Friday, August 12, 2011

Mastering Easel Painting

My new class came for the first time last week. I watched them explore and discover what's around the room. We had easel painting, of course, with just blue paint. As one little girl painted, she said, "Where is the pink paint?" "We'll have pink paint another time," I said. That exchange reminded me of a similar discussion last year. Here's a repost of how we become masters at easel painting.

"L" was first in the classroom and began to build with the blocks. He looked around the room as he built and saw the easel. "We have yellow paint today?" he asked.

"Yes," I said. "We had red paint last week and yellow paint this week."

"I wonder if we'll ever have blue paint," he said wistfully.

"I'll tell Mrs. Cindy and we can have blue paint next week," I said. I smiled and we continued to build together.

My new class is helping me see things in my room again through fresh eyes. They remind me that some things are new and different for them, things that have become familiar to me. One of those things is the easel. An easel has become one of those indispensable things for my classroom. We use it every week, usually for painting.

For these young 5s at the beginning of the year, we offer one color of paint. That allows us to practice and master the skills of using the easel:
  •  Put on a smock before painting
  • Tap the brush along the edge before using it on the paper (to remove the extra paint drips)
  • Control the brush to make the marks just like we want them (even though we end up covering the entire paper with paint)
  • Paint only the paper (and not the clips, paint can tops, and so forth)
  • Ask for a turn so our names can go on the waiting list; and being patient, knowing that we'll get a turn (even if we must wait until next time for a turn)
In a couple of weeks, we'll add an additional color of paint. By then we'll be easel painting experts.

(The original post has some other ideas for using the easel. We use it every week in some way.)

I can't wait to see how this new class will help me see things in a new way - and remind me of all those lessons I thought I learned but need to learn again. 


  1. Can you say more about your decision to introduce one color of paint at a time? I've not thought about this and would be interested to know more.

  2. We have only one color of paint at the beginning so that we have only one cup and one brush. Kids can concentrate on pulling out the brush, wiping it on the side (if needed), and getting the brush to the paper. They learn control of the brush - making the brush do what you want on the paper. Kids can focus more on process than on using both/all of the colors.
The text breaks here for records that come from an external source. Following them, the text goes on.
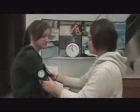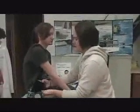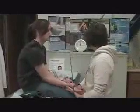Now we're going to do her regular pulse.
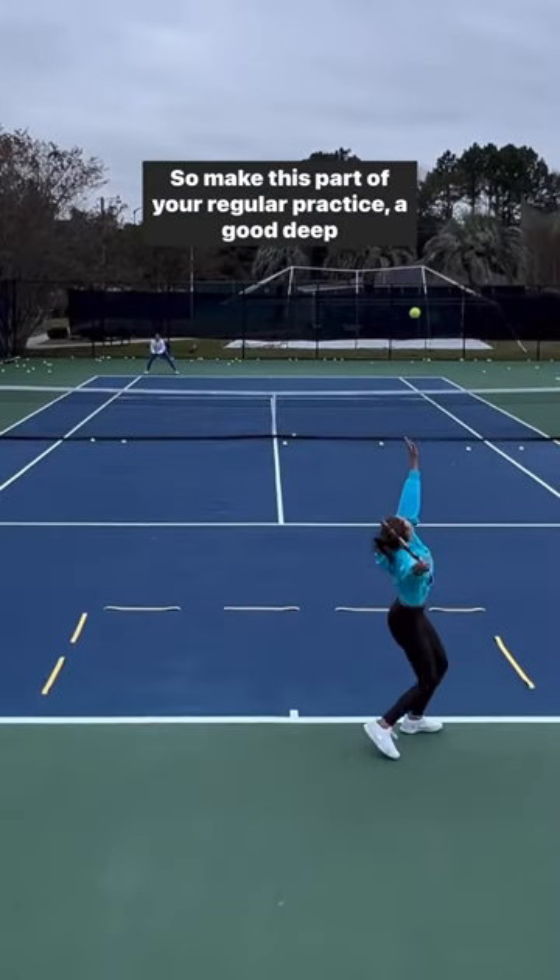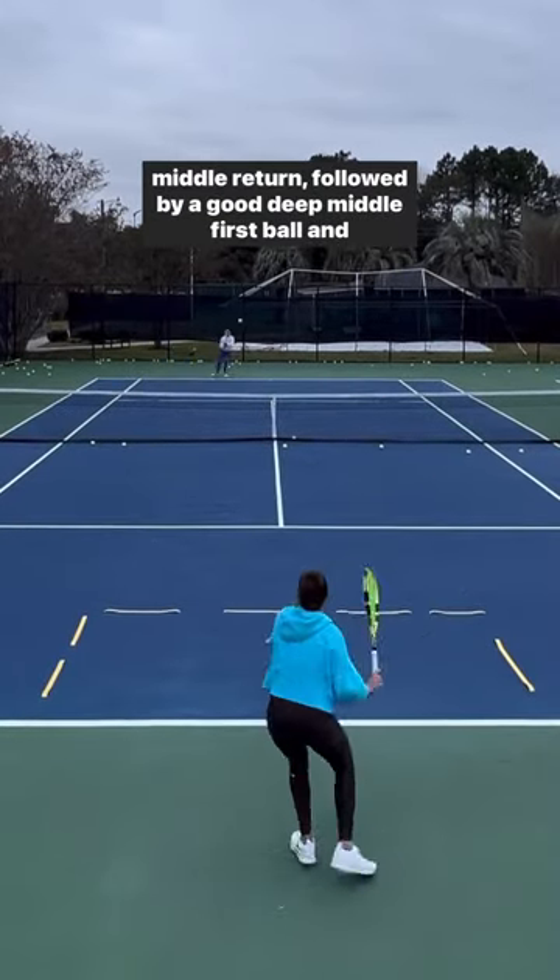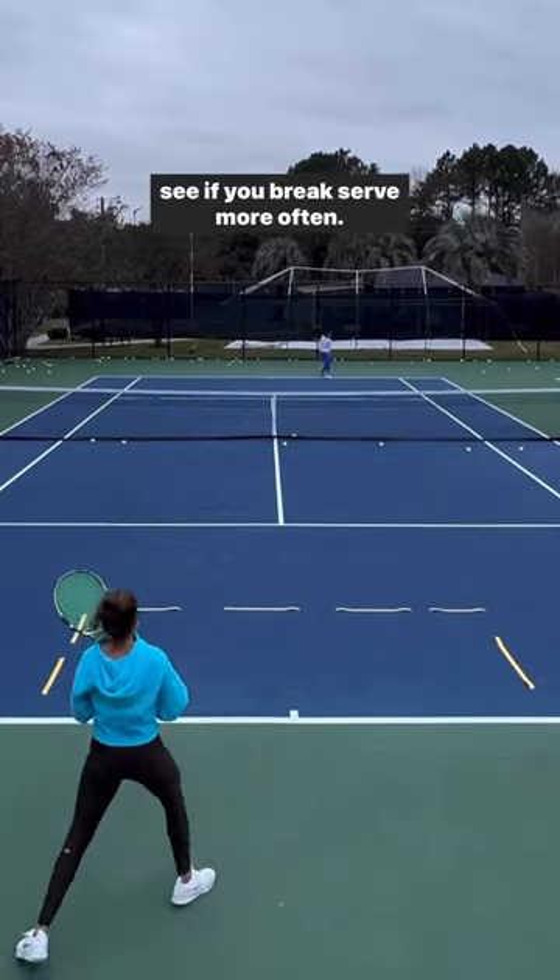So make this part of your regular practice — a good deep middle return followed by a good deep middle first ball — and see if you break serve more often.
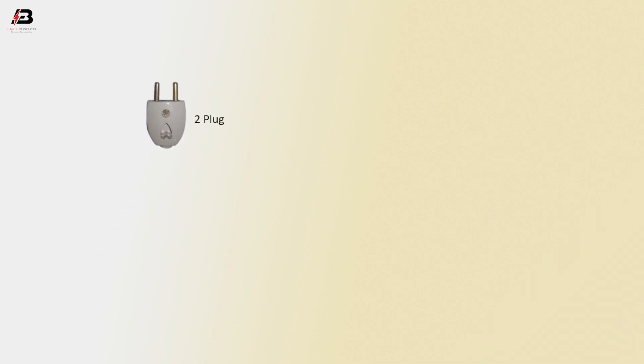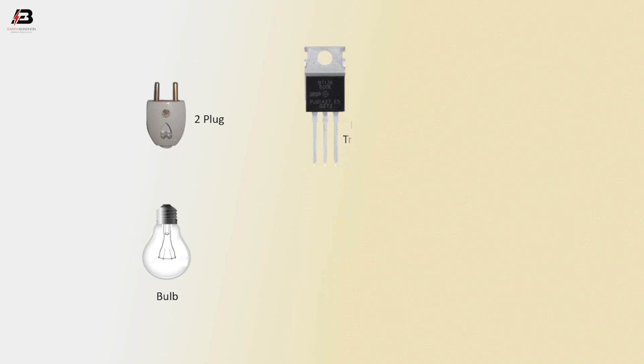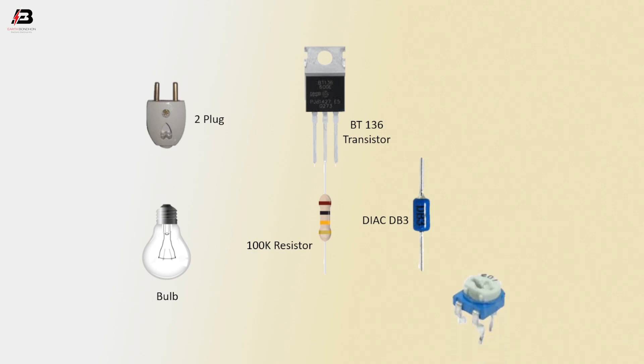So viewers, let's start. Components needed: two plug, valve BT-136 transistor, 100k resistor, diode DB3, and an adjustable variable resistor.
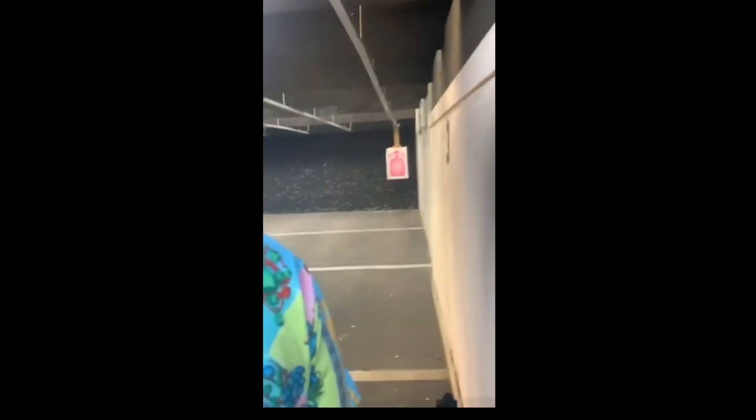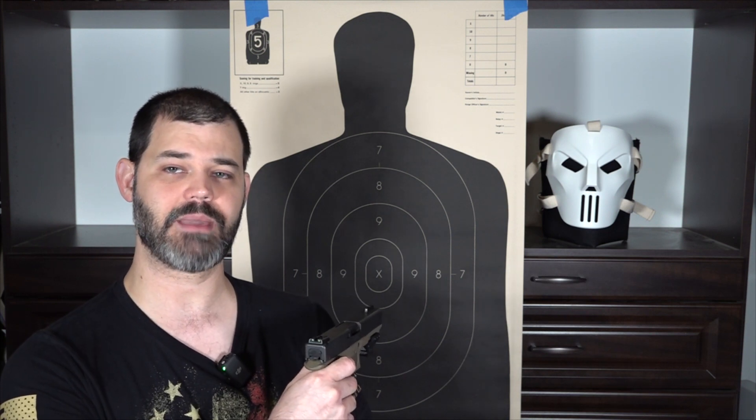Putting a laser on your gun does not turn your bullets into smart heat-seeking rounds that are going to make headshots. That's not how it works. If you don't practice and train and have your trigger pull dialed in, you're not going to hit anything, and you'll be even more frustrated because you spent money putting that laser on and still can't hit. Also, consider this: if you put a laser on your carry gun and you're out on a nice sunny day relying on your laser instead of your sights, it may be way too bright outside to find that red dot.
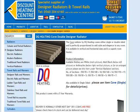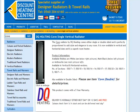The DQ Heating Cove Designer Radiator comes in a variety of styles and sizes. It's either single or double sided and you can either have a horizontal effect or a vertical one. There's also a range of different finishes — it comes in white, matte black, anthracite, or even a mirror finish, so you can choose the one that fits best for your room.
After a few weeks, kids are much more comfortable with the entire easel-painting process so we have 2 colors at a time. This has really worked for us to help the kids feel comfortable with using the paint at the easel before giving too many other choices.

  3. I may try this too Scott! I haven't made my easel introduction plans yet:) We start a week from next Tuesday!

  4. Hmm. I hadn't thought of using the easel as a "skill," but you're right. It absolutely is! I just try to always have paint available. Sometimes that's not always possible, but I've learned a few paint stretching tricks over the years. Hmm...You've got me thinking. Thanks!